── DATA TO USE ──

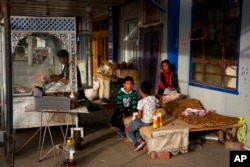 Seorang perempuan etnis Uighur bekerja sementara anak-anaknya bermain di Hotan, wilayah Xinjiang, China barat, 20 September 2018. (Foto: AP)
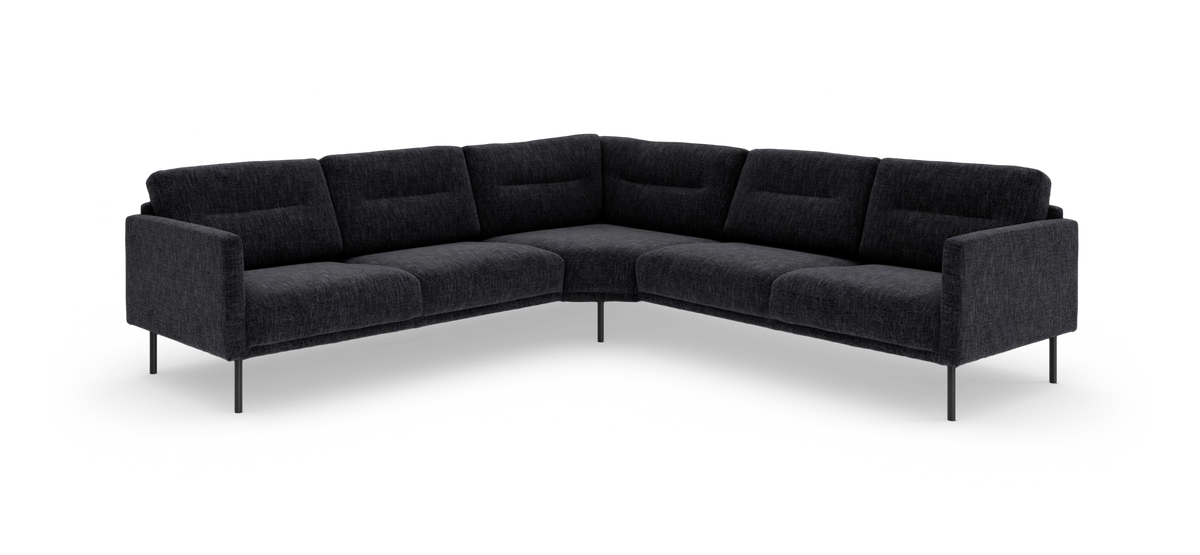 Mørkegrå L-formet modulsofa med slanke metalben, frilagt på hvid baggrund.
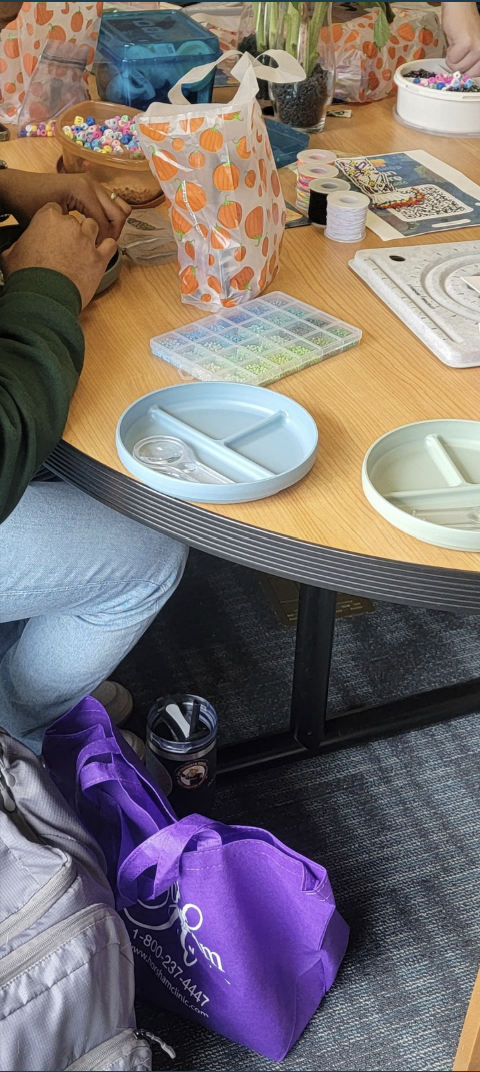 People making bracelets with beads.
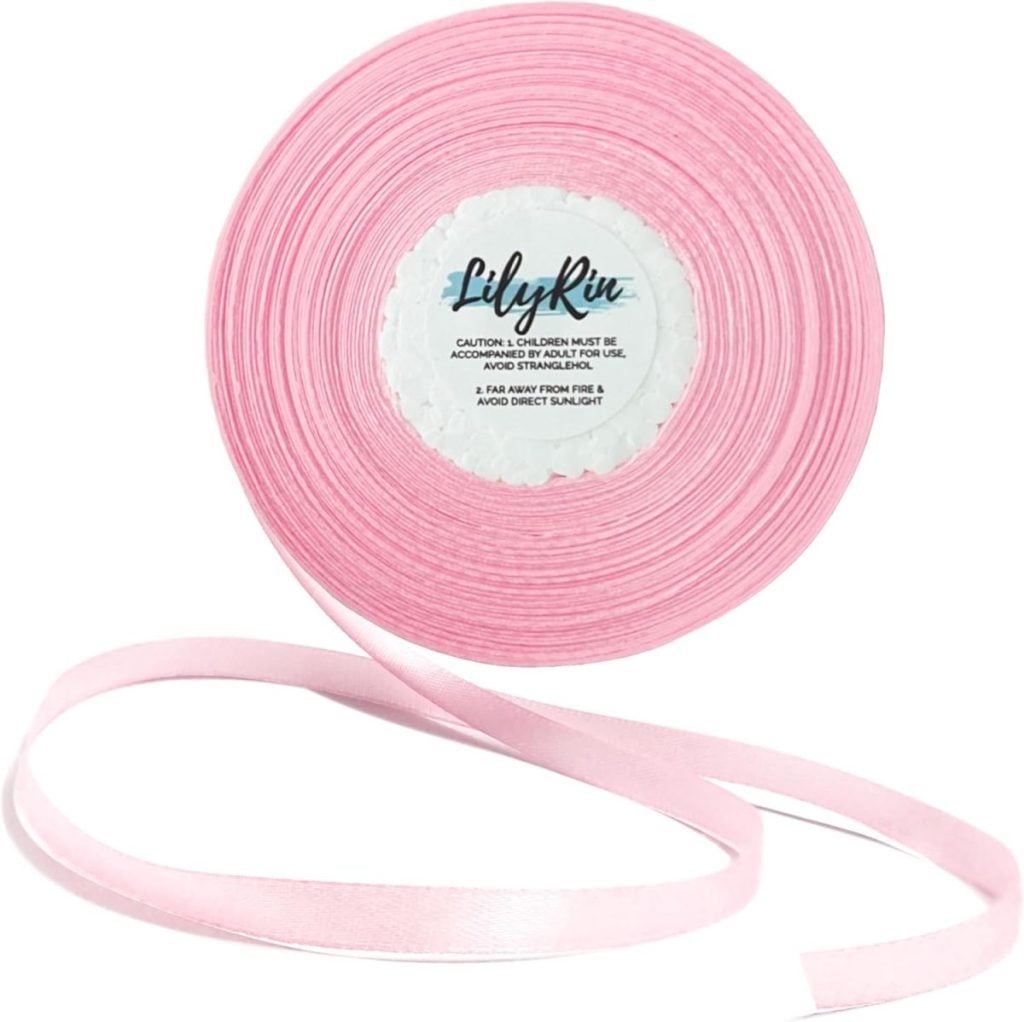 A roll of light pink satin ribbon with "LilyRin" branding on the label, partially unrolled on a white background.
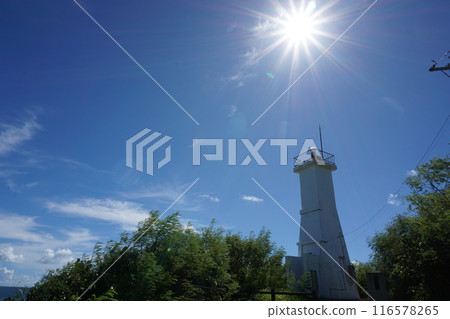 White lighthouse and blue sky White lighthouse and blue sky 116578265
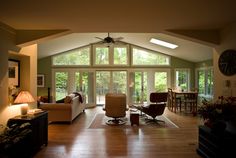 a living room filled with furniture and a ceiling fan in the middle of an open floor plan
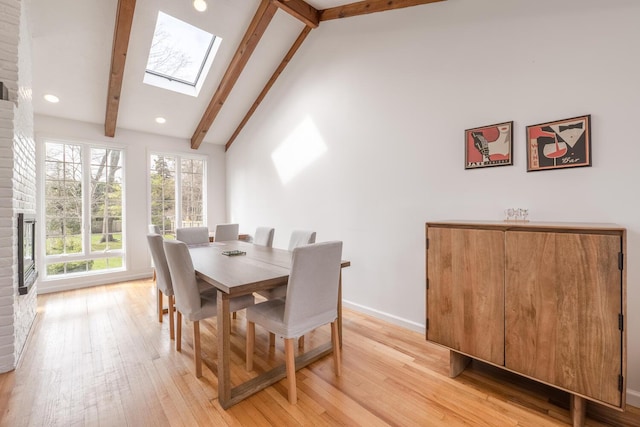 35 Turtle Cove Ln, Huntington, NY 11743 - dining area featuring beam ceiling, a skylight, light wood finished floors, recessed lighting, and high vaulted ceiling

───

[INSTRUCTIONS FOR THE TASK] Above are some records. Output exactly the lines from the one that contains "People making bracelets with beads." to the one that contains "a living room", keeping both, and omit the pictures.

[SOLUTION TO THE EXERCISE]
 People making bracelets with beads.
 A roll of light pink satin ribbon with "LilyRin" branding on the label, partially unrolled on a white background.
 White lighthouse and blue sky White lighthouse and blue sky 116578265
 a living room filled with furniture and a ceiling fan in the middle of an open floor plan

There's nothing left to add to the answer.